Esta misma premisa se extiende hacia otros asuntos relevantes que, también con la pandemia, se exhibieron en cueros: la seguridad, la fiscalidad, el apoyo a la ciencia, la integración o la cohesión social.

Ante esta crisis, son cada vez más los líderes que, con instinto político, han galvanizado a sus seguidores y demonizado a sus adversarios a partir de argumentos emocionales e identitarios.

Mientras se subvierte el Estado neoliberal, nadie se salvará de ser acusado como parte de una conspiración: el gobierno, la oposición, los medios, las organizaciones sociales, los empresarios, los sindicatos, los hispanos, los judíos, todo cuanto quepa en el saco de “los otros” servirá para que el líder eluda asumir las decisiones urgentes.

Sin embargo, la teoría de la conspiración, comúnmente utilizada para trasladar responsabilidades lejos del sitio dónde se originan, no tiene propiedades infinitas. Sirve en el corto plazo porque auxilia en la consolidación de la legitimidad extraviada por la incapacidad gubernamental, pero sus propiedades son perecederas.

Mientras pasamos a otra cosa, este abuso de la inteligencia política conducirá hacia la violencia: ahí está la ambulancia destruida del hospital de Las Rosas, en Chiapas, para constatarlo, y también el policía que fue incendiado durante las marchas en Guadalajara.

La violencia tiene hoy como principal responsable a quien, con sus discursos cargados de conspiraciones y descalificaciones, ha encendido el ardor de seguidores y adversarios.

La violencia y la teoría de la conspiración son dos lados de una misma moneda que, en estos tiempos inciertos, los demagogos arrojan a una población que se sabe vulnerable.

A partir de de este 2020, la humanidad tendrá que aprender a vivir con la incertidumbre sembrada por los distintos virus que son letales para nuestra especie, y que no detendrán su carrera evolutiva.

Los gobiernos no podrán contra la incertidumbre a menos de que controlen aquello que sí está a su alcance.
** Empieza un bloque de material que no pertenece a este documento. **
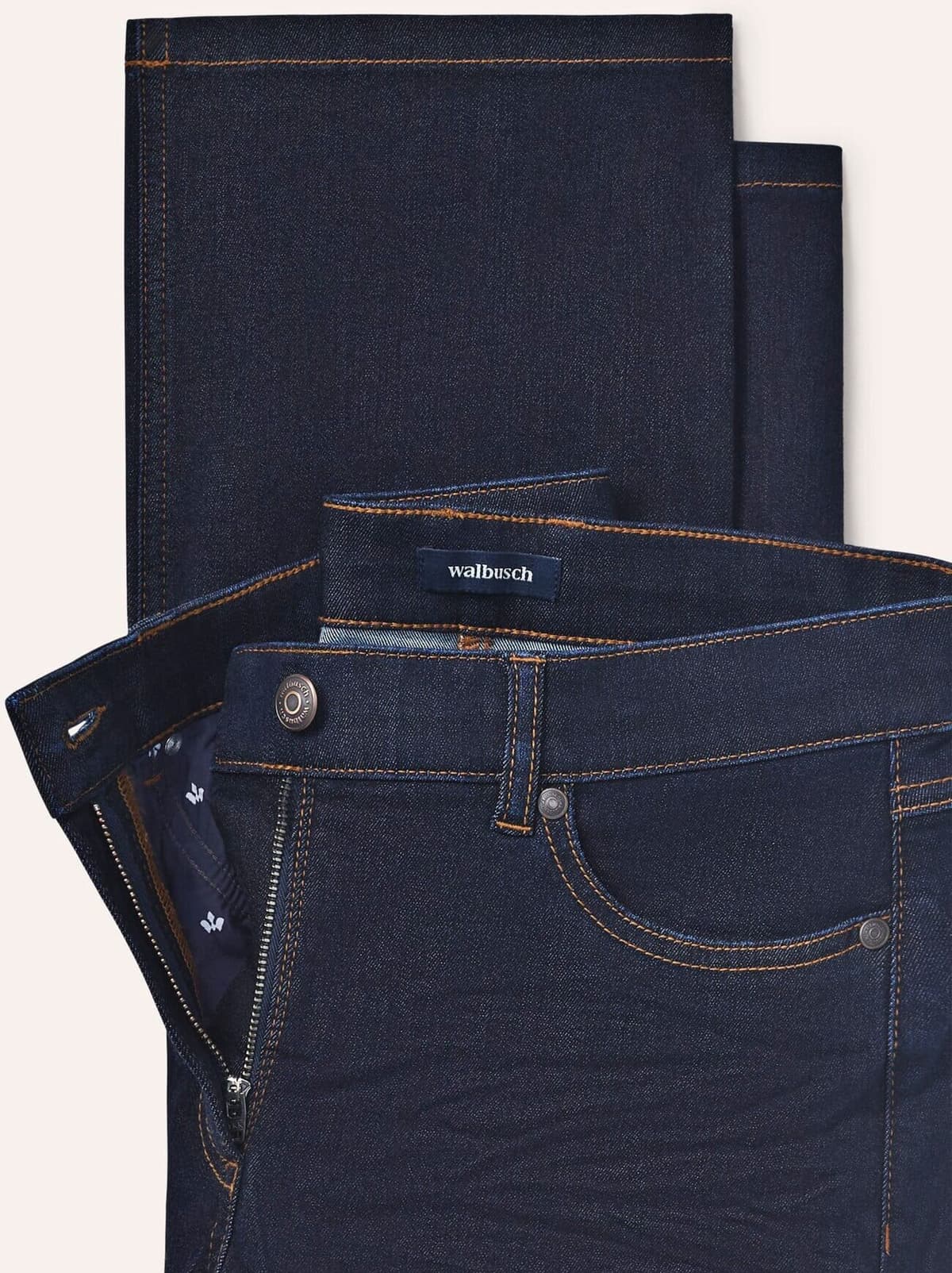 Walbusch 5 Pocket Jeans mit weitem Bein, Regular Fit#Kurzgrößen#Langgrößen, Farbe Blau, 21, Straight Fit mit weitem Bein elastischer Denim Damen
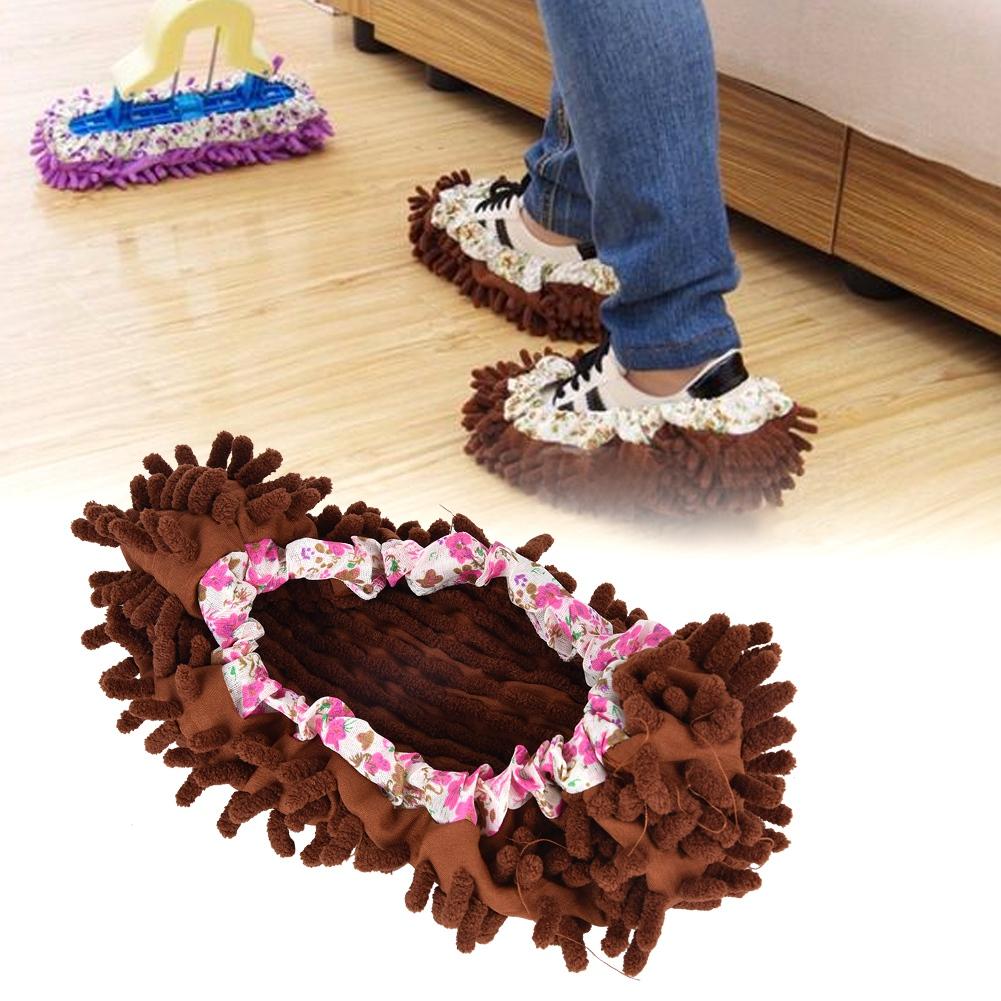 1 Piece Reusable Detachable Washable Household Floor Cleaning Slipper Mop Shoes Cover (Coffee)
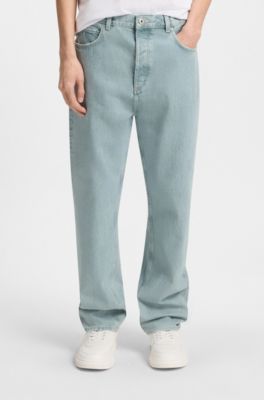 Jean Baggy en denim rigide bleu clair, Vert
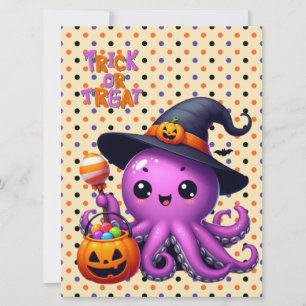 Tarjeta Festiva Pulpo de Halloween 'Truco o trato' 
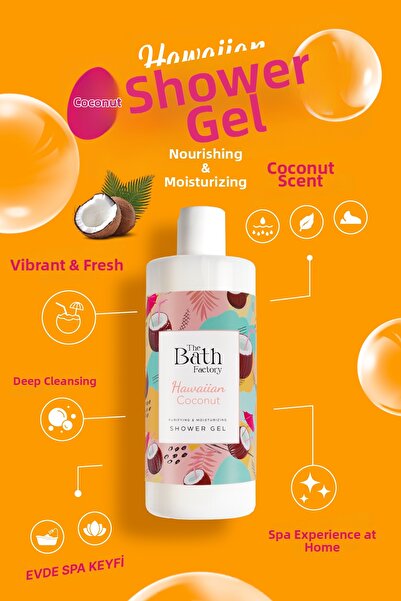 THE BATH FACTORY جل الاستحمام المرطب والمغذي بجوز الهند الهاواي 400 مل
Les corresponderá atenuar la emergencia proveyendo, mediante los impuestos generales, un número suficiente de camas hospitalarias, medicamentos, plazas bien pagadas para las personas que trabajan en el sector de la salud; les tocará también emprender medidas eficaces para prevenir las enfermedades.

En el mediano plazo, la ausencia de un gobierno capaz de lidiar con temas tan humanamente sensibles como la salud, solo puede resolverse con la presencia de un Estado capaz de gestionar, con políticas e instituciones eficaces, el territorio amenazado.

Ricardo Raphael es periodista, académico y escritor mexicano. Su libro más reciente es 'Hijo de la guerra’.